Wien. Ein Uni-Studium ist immer noch ein Privileg der gehobeneren Schicht: Dass die Aussage nicht ganz von der Hand zu weisen ist, das zeigt nicht zuletzt die Studierendensozialerhebung. Demnach stammen nur 18 Prozent der Studierenden – definiert anhand von Bildungsstand und beruflicher Position der Eltern – aus bildungsfernen Schichten. Die Chance, ein Studium zu beginnen, ist für Kindern aus Akademikerhaushalten insgesamt dreimal so hoch wie für Kinder, deren Eltern weniger gut ausgebildet sind. Das Problem ist schon lange bekannt. Eine zufriedenstellende Lösung wurde bislang aber noch nicht gefunden. Dabei gebe es einige sehr unterschiedliche Vorschläge:

•Die Quote: Geht es nach Oliver Vitouch, den neuen Rektor der Uni Klagenfurt, sollte sich Österreich ein Beispiel an den USA nehmen. Dort wird ein gewisser Anteil der Studienplätze bevorzugt an Studierende vergeben, die einer ethnischen Minderheiten angehören. Für Vitouch ist eine derartige Quote auch im Hinblick auf eine höhere soziale Durchmischung denkbar. „Es wäre sinnvoll, in überlaufenen Fächern eine Quote für Studienanfänger festzulegen, deren Eltern keine Matura haben“, sagt Vitouch im Gespräch mit der „Presse“.
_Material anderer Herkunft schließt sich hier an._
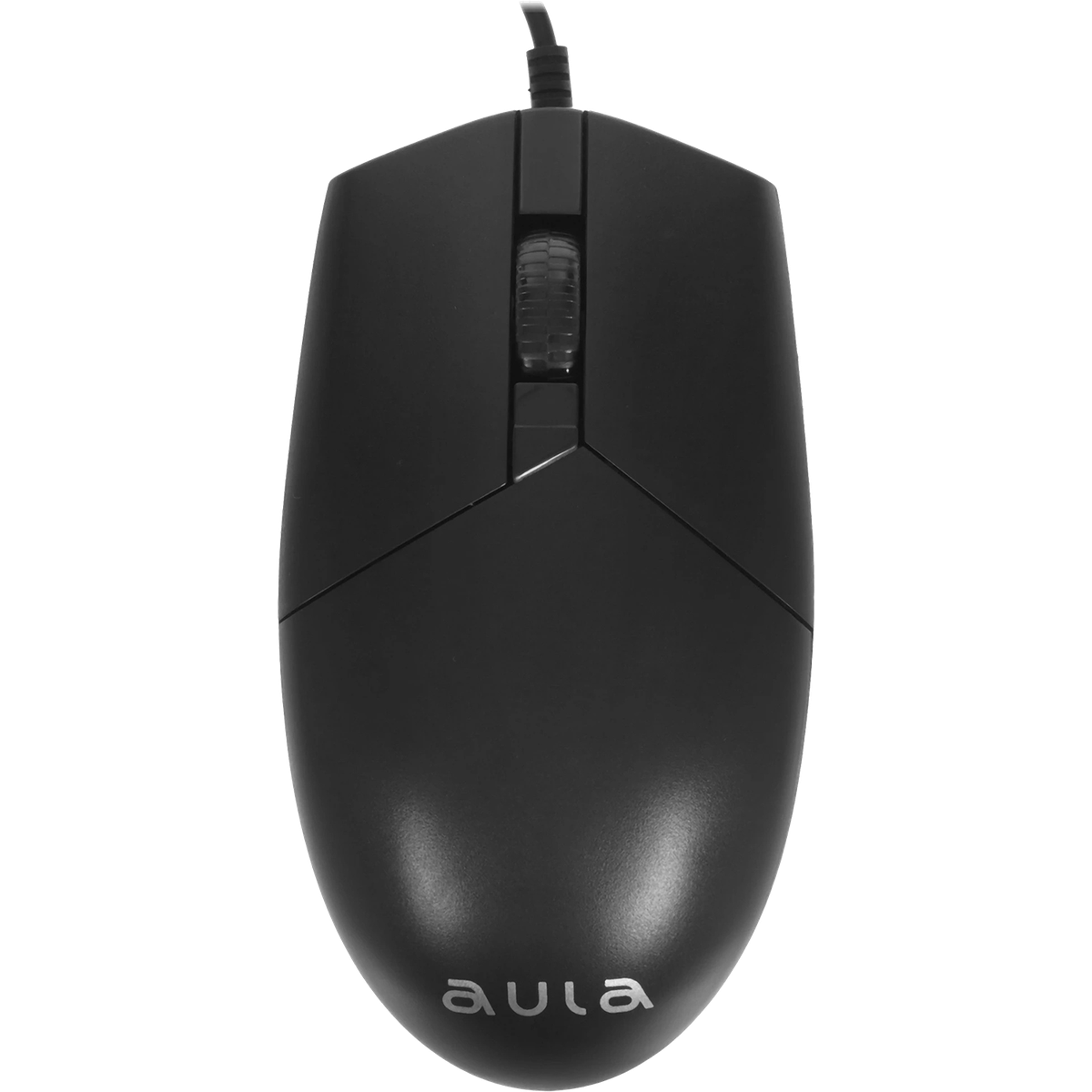 Мышь AULA AM104, проводная, 1200 DPI, USB-A, черный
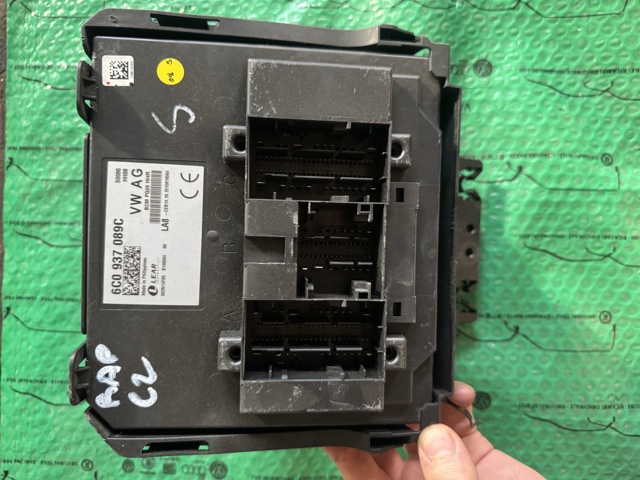 Блок комфорту 6C0937089C VAG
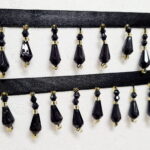 Taśma z koralikami TK-902 - 1m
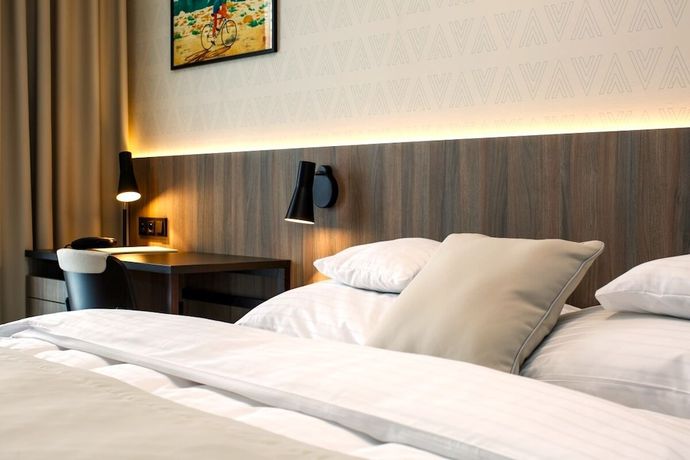 Imagen de la habitación del Hotel Rajka. Foto 10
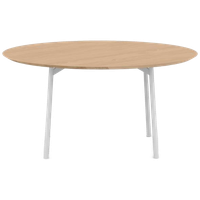 Studio Henk Eettafel 140 Cm Rond Eiken Flyta |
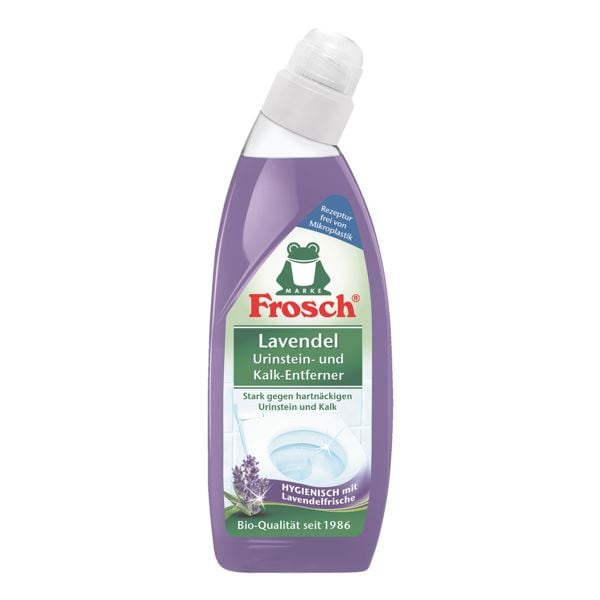 Frosch WC-Reiniger »Lavendel« lila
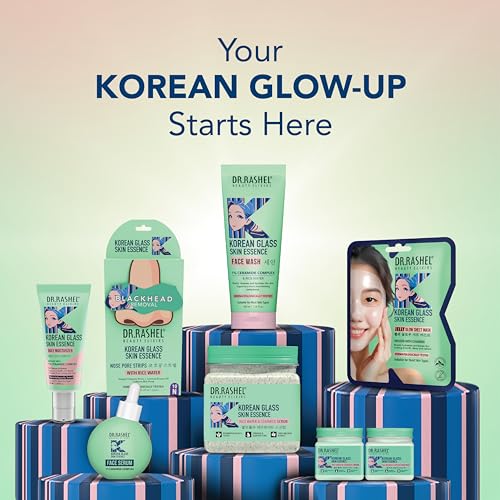 Image of K DERMA Korean Glass Skin Essence Jelly Glow Sheet Mask | With Ceramide | Hydrating & Brightening Face Mask for Smooth Dewy Skin | Dermat Tested | Pack of 3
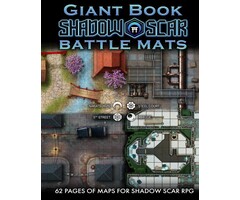 Loki Giant Book of Shadow Scar Battle Mats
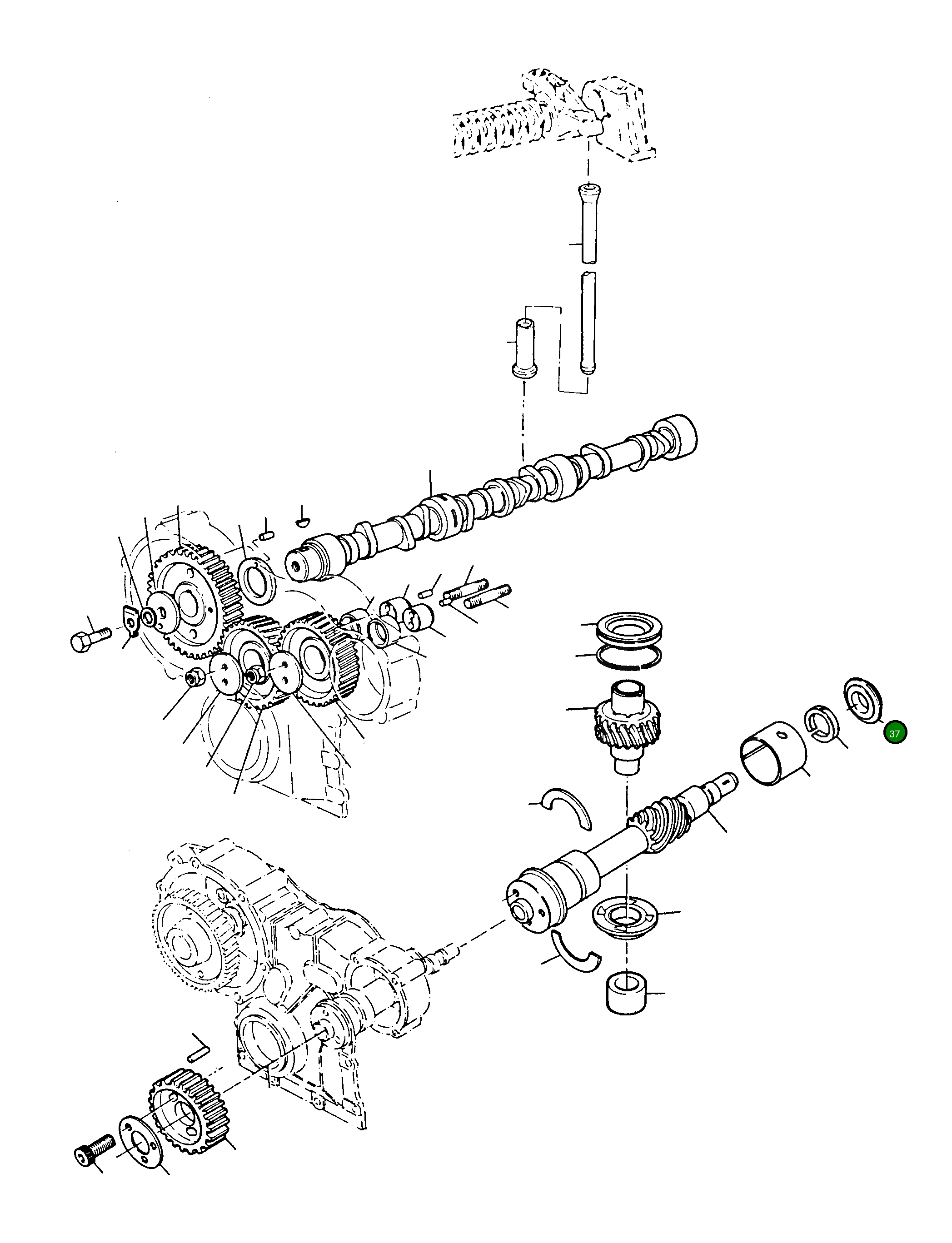 Уплотнение 4908537M1 Komatsu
•Mehr Information: Katja Urbatsch, die Gründerin der Initiative „arbeiterkind.de“, steht einer solchen Quote kritisch gegenüber. Ihr Argument: Erhalten Personen aufgrund einer vorgegebenen Quote einen Studienplatz, würde stets an ihrer Leistung gezweifelt. Im Zusammenhang mit einer besseren sozialen Durchmischung sei die Information von enormer Bedeutung. Bereits in der Schule sollte gezielt über das Studium informiert werden. Besonders wichtig ist die Information dann, wenn Bildungswegentscheidungen anstehen. Man müsse Perspektiven aufzeigen, Mut machen, das Selbstbewusstsein stärken und Vorbild sein. Denn viele Kinder aus niedrigeren sozialen Schichten würden davon ausgehen, „dass studieren nur etwas für Reiche“ ist, so Urbatsch.
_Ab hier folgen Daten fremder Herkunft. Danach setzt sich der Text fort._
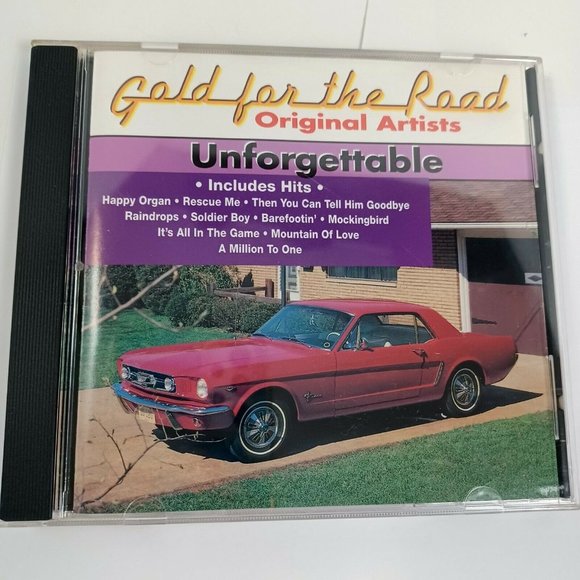 Gold For The Road CD Original Artists Unforgettable*MINOR WEAR - Picture 2 of 13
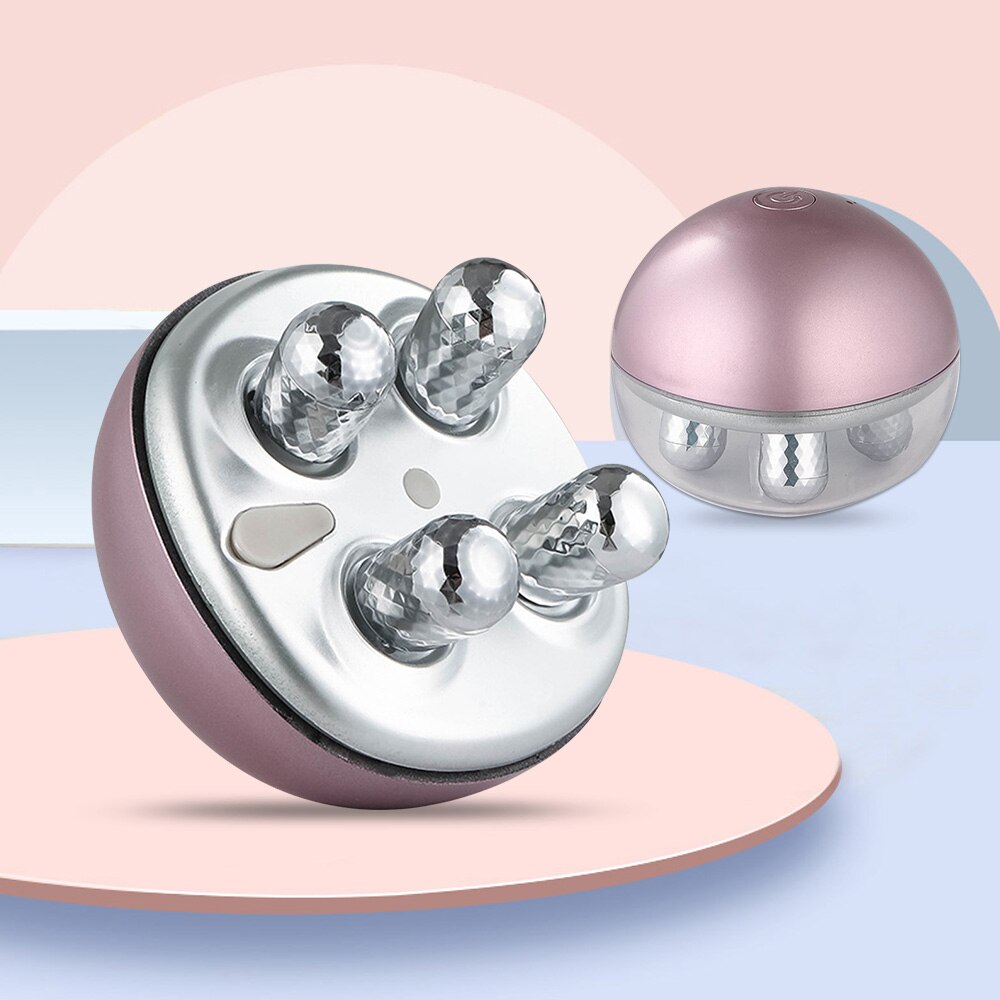 Facial Massager Roller Facelift Microstroom Machine Ems Massage V Gezicht Lifting Gezicht Spanners Huid Schrapen Thuisgebruik Apparaat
•Finanzierung: Die Hochschülerschaft (ÖH) sieht wiederum die Finanzierung des Studiums als wesentlichen Grund dafür, dass sich viele Jugendliche aus niedrigen sozialen Schichten gegen ein Studium entscheiden. Und tatsächlich zeigt die Sozialerhebung, dass 88 Prozent der Studierenden aus niedriger sozialer Schicht neben ihrem Studium aufgrund von finanzieller Notwendigkeit einem Job nachgehen. Die ÖH fordert deshalb eine Erhöhung der staatlichen Beihilfen. Langfristig will sie ein Grundstipendium für alle Studierenden. Als kurzfristige Maßnahme schlägt Angelika Gruber vom ÖH-Vorsitzteam vor, die Familien- und Studienbeihilfe an die Inflation anzupassen. Auf die Studienbeihilfe soll bei der Inskription ein automatischer Antrag gestellt werden und die Familienbeihilfe direkt ausbezahlt werden. Auch das Uni-Ministerium sieht Handlungsbedarf. Zwar stünden derzeit (inklusive Leistungsstipendien) jährlich bereits rund 190 Millionen Euro für die Studienförderung zur Verfügung, man wolle das System aber weiter ausbauen. Derzeit wird evaluiert.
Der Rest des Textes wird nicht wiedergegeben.